A database replica is made up of a manifest with entry and identity sets.
The replica is processed by a few different components:
-
store: interface to read and write to the database.
-
access: access control/write protection to the database.
-
replicator: syncs replica with peers.
Merkle-CRDTs are a combination of Merkle-DAGs and CRDTs. The CRDT is stored inside of a Merkle-DAG which provides deduplication/hash linking.
Unique properties of Merkle-CRDTs:
- immune to sybil attacks
- immune to clock poisoning attacks
- byzantine eventual consistency
- replication logic can be separated from the underlying network
- convenient data layer for storage and replication
Do not try to build a cryptocurrency with HLDB (unless you really, really want to). There are some things you cannot do with peer-to-peer databases like this. These limits are very well explained in Byzantine Eventual Consistency and the Fundamental Limits of Peer-to-Peer Databases. All concurrent and async updates to occur and be merged. This is a great property to have in some applications, but for others with invariants like no negative numbers this isn't doable.

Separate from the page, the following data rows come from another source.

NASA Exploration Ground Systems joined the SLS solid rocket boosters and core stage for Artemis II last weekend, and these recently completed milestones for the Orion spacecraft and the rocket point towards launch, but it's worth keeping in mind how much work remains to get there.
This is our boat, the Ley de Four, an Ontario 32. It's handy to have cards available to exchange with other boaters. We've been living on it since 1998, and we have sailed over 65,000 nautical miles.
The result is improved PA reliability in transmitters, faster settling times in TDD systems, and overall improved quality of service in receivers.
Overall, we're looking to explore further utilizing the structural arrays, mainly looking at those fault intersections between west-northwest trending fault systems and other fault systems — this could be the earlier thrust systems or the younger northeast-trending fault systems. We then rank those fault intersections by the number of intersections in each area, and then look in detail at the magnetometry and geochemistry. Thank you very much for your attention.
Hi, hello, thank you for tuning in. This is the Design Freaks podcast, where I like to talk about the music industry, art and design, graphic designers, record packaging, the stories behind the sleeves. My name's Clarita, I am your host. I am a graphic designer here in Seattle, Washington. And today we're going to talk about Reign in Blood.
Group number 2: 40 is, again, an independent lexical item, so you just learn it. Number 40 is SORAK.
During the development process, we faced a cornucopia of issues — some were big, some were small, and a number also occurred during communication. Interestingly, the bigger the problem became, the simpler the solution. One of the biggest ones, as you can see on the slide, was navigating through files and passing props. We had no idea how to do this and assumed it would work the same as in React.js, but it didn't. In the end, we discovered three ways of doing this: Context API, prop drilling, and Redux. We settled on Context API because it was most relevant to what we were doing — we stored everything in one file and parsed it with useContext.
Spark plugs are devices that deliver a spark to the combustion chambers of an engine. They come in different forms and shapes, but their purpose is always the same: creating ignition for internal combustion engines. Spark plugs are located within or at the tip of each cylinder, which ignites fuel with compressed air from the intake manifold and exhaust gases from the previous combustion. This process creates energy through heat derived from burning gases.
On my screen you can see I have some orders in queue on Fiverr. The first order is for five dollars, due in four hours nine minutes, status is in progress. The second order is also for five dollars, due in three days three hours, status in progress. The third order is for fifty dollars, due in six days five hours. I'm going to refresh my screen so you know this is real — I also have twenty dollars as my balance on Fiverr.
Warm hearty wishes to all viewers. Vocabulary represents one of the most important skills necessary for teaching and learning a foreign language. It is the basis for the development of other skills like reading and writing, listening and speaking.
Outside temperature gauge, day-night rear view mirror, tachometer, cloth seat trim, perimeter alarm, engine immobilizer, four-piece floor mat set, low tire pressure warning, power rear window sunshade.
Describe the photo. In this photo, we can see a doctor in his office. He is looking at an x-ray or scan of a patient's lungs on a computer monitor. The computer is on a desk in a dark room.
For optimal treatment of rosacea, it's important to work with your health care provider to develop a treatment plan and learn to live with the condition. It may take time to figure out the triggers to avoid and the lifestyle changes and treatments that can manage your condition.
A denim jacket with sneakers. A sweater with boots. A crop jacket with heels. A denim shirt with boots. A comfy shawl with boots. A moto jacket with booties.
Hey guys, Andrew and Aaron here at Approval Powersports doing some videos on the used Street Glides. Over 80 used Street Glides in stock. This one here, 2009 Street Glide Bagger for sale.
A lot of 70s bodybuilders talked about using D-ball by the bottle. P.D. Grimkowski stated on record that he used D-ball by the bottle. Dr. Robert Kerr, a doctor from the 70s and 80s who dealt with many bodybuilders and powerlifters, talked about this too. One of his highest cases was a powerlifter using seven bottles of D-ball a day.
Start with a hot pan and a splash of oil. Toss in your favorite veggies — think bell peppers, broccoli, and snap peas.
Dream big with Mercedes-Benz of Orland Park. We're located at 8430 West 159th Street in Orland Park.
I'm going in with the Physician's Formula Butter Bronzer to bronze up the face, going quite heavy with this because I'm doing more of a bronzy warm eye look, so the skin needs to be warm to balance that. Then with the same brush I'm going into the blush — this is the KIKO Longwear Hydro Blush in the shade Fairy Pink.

Designing applications with HLDB can feel very different. Understanding it's differences and a few tricks will result in a better design. One of the biggest differences is that there is no idea of a global and consistent state, peers replicas are allowed to diverge and converge over and over. Something else developers may find very different is that the database is local and can be read quickly and without network interruption.
It's best to partition databases (per user or even further) instead of having one for everything. A database where some or all writers will never build upon others updates should be partitioned.
The more databases that can exist in your application bring a problem. How are they found? The address of the database could be hardcoded, but in a lot of situations there are too many. A database could be used to track the other database addresses, but in some situations that's not the best option. A third option is for your application to know the scheme in which the manifests are created.
If you are able to determine the manifest data from knowing things like what the database is used for and/or who owns it, then you have the manifest and can open any database when needed.
It's also good to understand the difference between separate users and separate devices. A user may have many devices and interact with other users and by extension their many devices.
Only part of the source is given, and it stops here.